* Assignment *
Every line in the records below between the one holding "LHC Collider Simulation.jpeg" and the one holding "early stopping：训练误差一路下降，dev 误差先降后升", inclusive, is to be set down exactly; all other lines are to be left out.

**** Task data

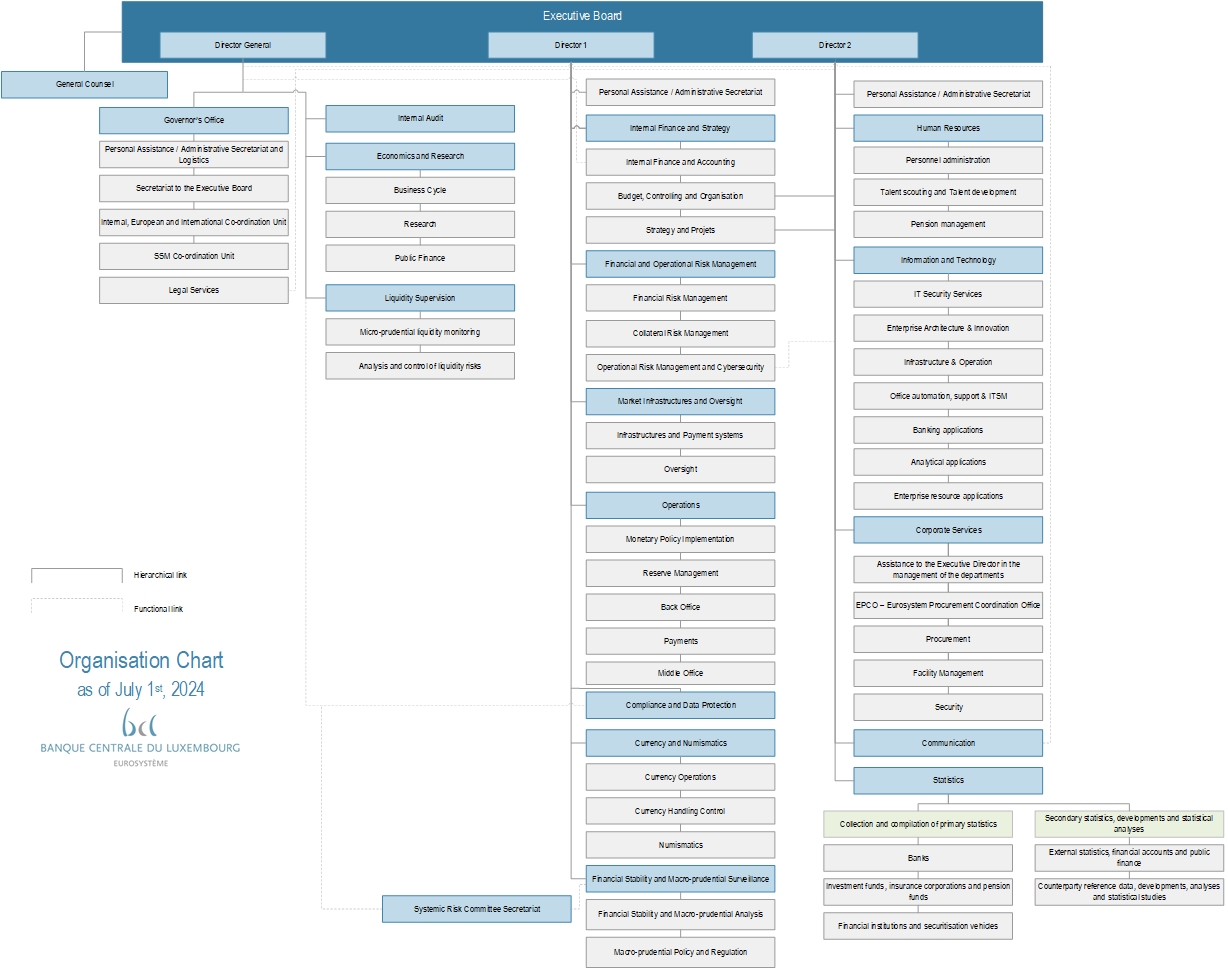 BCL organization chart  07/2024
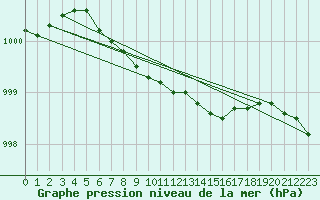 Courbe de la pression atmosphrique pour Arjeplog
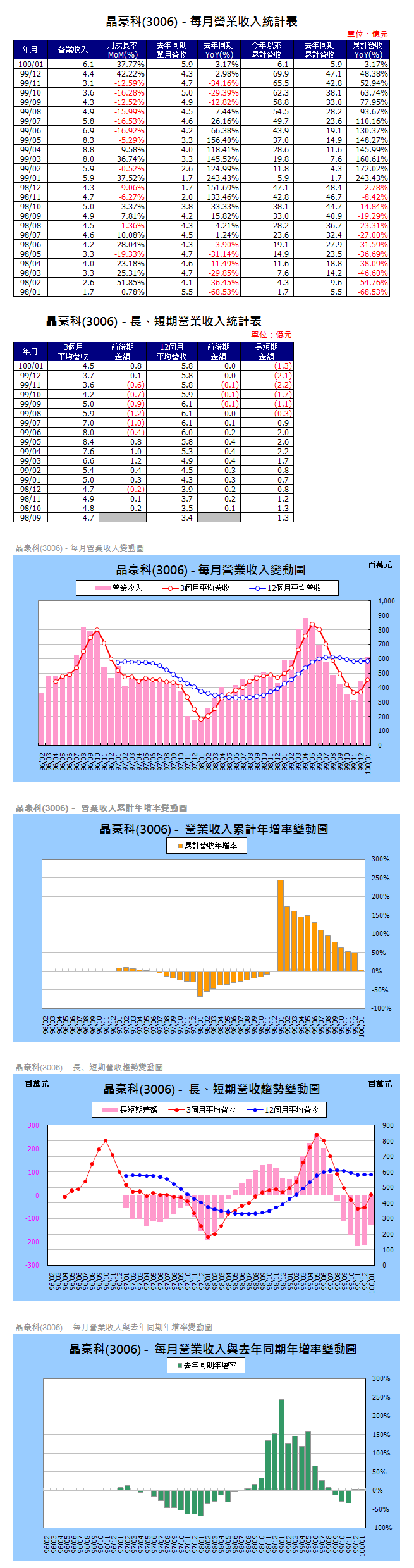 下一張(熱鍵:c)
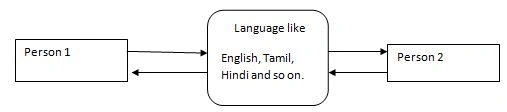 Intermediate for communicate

********
**** Task data

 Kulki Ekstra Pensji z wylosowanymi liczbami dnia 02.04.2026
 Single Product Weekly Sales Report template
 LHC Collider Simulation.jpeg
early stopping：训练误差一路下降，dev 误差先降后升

********
**** Task data

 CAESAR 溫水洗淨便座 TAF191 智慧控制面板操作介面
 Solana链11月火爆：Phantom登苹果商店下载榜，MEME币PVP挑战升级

********

* Solved problem *
 LHC Collider Simulation.jpeg
early stopping：训练误差一路下降，dev 误差先降后升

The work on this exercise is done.